Interesting question: Can (a==1 && a==2 && a==3) ever evaluate to true? In Java / in JavaScript?

JavaScript

In JavaScript we can achieve our goal by this way:


const a= {
    i : 1,
    toString : function () {
              return a.i++;
      }
}

if( a==1 && a==2 && a==3) {
      console.log(‘Hello World!’);
}

If you remember you == operator works you can create an object with custom toString or valueOf function that changes what if returns each time it was invoked.

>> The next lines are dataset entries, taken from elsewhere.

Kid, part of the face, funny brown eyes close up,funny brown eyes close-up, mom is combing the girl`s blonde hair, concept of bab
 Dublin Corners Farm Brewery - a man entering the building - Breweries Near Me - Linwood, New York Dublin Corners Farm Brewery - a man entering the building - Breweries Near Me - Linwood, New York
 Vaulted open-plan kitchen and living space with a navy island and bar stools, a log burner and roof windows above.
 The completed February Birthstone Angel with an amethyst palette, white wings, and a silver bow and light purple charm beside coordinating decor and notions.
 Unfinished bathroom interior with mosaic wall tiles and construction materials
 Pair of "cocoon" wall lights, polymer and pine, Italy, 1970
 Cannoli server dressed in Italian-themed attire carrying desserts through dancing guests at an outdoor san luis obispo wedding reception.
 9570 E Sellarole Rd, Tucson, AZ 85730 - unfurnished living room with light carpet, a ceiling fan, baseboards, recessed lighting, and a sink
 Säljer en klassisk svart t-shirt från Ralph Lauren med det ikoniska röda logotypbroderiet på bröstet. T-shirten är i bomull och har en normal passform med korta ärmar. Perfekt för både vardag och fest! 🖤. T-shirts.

Second thing helps you is casting types of input operands : if one operand is a number it will attempt to convert second operand to a number by first calling valueOf if it callable, and if it failed will call toString and try to cast result to a number. If you see using toString gives the same result but longer path then valueOf.

Java

In Java we can achieve the same result using multiple threads.


public class Test{      
       private volatile int a;

       public void start(){
               new Thread(this::test).start();
               new Thread(this::change).start();
        }

        public void test(){
            while(true) {
                  if (a==1 && a==2 && a==3) System.out.println(“Success”);
               }
        }

        public void change(){
               while(true){
                      for(int i =1; i<4; i++) a=i;
                }
         }

        public static void main(String[] args){
               new Test.start();
        }
}

Without volatile key word the compiler is allowed to cache a variable or replace the if statement with if(false). With volatile key word you will get Success always.